Hannibal Lecter dans un corps d’adolescente
La jeune actrice Garance Marillier est impressionnante dans son rôle de succube, avec son regard de Norman Bates féminin d’une inquiétante étrangeté, notamment lorsque elle dévore des yeux sont colocataire (avant de le dévorer au sens propre). Hannibal Lecter dans un corps d’adolescente. Ces yeux-là vous hanteront longtemps. En acceptant de devenir femme, Justine passe du statut de proie à celui de prédateur mais prend le risque de s’éloigner du troupeau.
Julia Ducournau abandonne son personnage et le spectateur dans une impasse. Aucune échappatoire possible. « Tu trouveras bien une solution ». Aux femmes de trouver un moyen de cadenasser leur inclinations pour ne pas être montrées du doigt. Sois sage, ou ne le sois pas.

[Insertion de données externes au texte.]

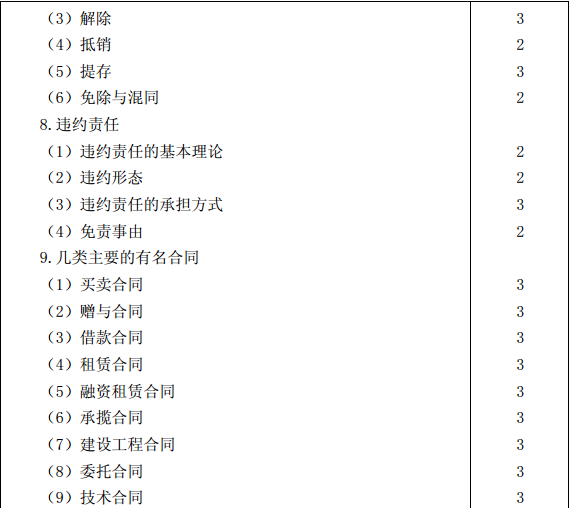 2015年注冊會計師專業(yè)階段考試大綱《經(jīng)濟(jì)法》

Contrôle des instincts par le corps
En abordant, par métaphore, l’ultime tabou qu’est le cannibalisme, Julia Ducournau s’interroge la sexualité des jeunes filles, du danger qu’elle représente. Il s’agit ici avant tout de traiter du contrôle des instincts par le corps social, par le corps tout court aussi, d’ailleurs. Tout l’enjeu du film tient sur la restriction des pulsions de l’héroïne qui tente désespérément de ne pas croquer les croquants qui passent à la ronde.
Une image de l’injonction sexuelle faite au femmes qui doivent (se doivent ?) de contrôler leurs élans sexuels. Et sans trop vous dévoiler la dernière scène, somptueuse, on découvre que cette malédiction anthropophage est un héritage uniquement féminin. Un rappel du péché originel.
La femme en goûtant au fruit défendu, en bravant malgré elle l’interdit, se trouve maudite et condamnée à transmettre ce fléau à ses descendantes, laissant à la gent féminine le fardeau de négocier avec ses inclinations pour la chair, quelles qu’elles soient.